I’ve been wishing for a while that there was a guide for Jewish parents struggling with the issue of circumcision, a resource for parents who consider themselves obligated by the mitzvah, but feel conflicted, knowing they would otherwise choose not to circumcise, and for those who don’t make Jewish choices based on a sense of obligation, who are struggling with the weight of an age-old Jewish tradition to circumcise in an American cultural context that increasingly favors leaving baby boys intact.  Since I haven’t found that kind of guide yet, I’ve decided to try to write it myself.   

Here’s a first attempt at articulating my approach to living in the gray area.  As with all polarized issues, I recommend reading anything on circumcision with a grain of salt.  In searching for the gray area, I’ve tried to present this analysis pre-salted, but of course, add to taste.  Click on any of the tips below for an in-depth discussion: 

     1. This is your choice to make. 
     2. Weigh the medical concerns.  
     3. Weigh the Jewish concerns.
     4. Know the differences between the Jewish procedure and the medical one.
     5. Circumcision is not the same as “female circumcision” or Female Genital Mutilation (FGM).  
     6. Consider the physical and psychological effects. 
     7. Understand the dynamics of the debate.
     8. Find a mohel you can trust and ask about his / her procedure.
     9. It’s okay to feel ambivalent. 
     10. Get on the same page as your partner. 

So, back to the San Francisco ballot initiative, and the national anti-circumcision lobby.  I don’t want to see laws banning circumcision, not because I think circumcision is the best choice for all baby boys, not because I expect all Jews to practice brit milah given the legal choice, but because I don’t think there’s an easy answer to this question.  And questions without easy answers are powerful catalysts of thoughtful individual decision-making and meaningful action.   

It is easy to make the choice to circumcise in a traditionally observant Jewish community.  There is an expectation to do it, and no real motivators to challenge the norm.  It was easy to choose to circumcise in the eighties when it was at the peak of popularity in secular American society.  Everyone was doing it,and it was Jewish tradition!  For many people, it would also be easy to make a decision if it was illegal.  For many American Jewish families who aren’t strictly observant, secular law would make it a simple choice.  (For others the choice would be much harder.)   

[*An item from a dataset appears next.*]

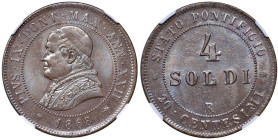 Pio IX (1846-1870) 4 Soldi 1868 A. XXII - Nomisma 896 CU In slab NGC MS 64 BN cod. 3216399-016

Status: MS 64 BN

But easy choices aren’t necessarily meaningful choices.  They often don’t involve a lot of thought about why we’re making that choice, what our other options are, or what values our choice projects.  So I’m hoping attempts to ban circumcision fail, but I’m not sorry they’re making the news.  I hope it spurs traditionally observant Jewish families to think about why Jews do brit milah, what makes it important enough to do even when secular society isn’t on the band-wagon, what it means to each of us.  I hope Jewish families who choose their traditions a la carte find more meaning and stronger sense of identity by choosing brit milah in a culture where it makes them more distinctive.  And I hope those who choose not to circumcise will be inspired to find creative ways to express their identity and commitment to Jewish life. 

As the issue continues to get more press coverage, as I’m sure it will, we will certainly see the organized Jewish community responding to the human rights claims in the public sphere.  I’ve been encouraged by some of the thoughtful responses I’ve read from individuals, and disappointed by some that I find narrow-minded.  Let’s hope that on the whole, as a Jewish community, we can respond in a respectful and reasonable way to the real concerns many people have about circumcision, while upholding it as a parent’s choice, like so many other difficult and potentially life-altering choices we make, that comes with the awesome responsibility of having children.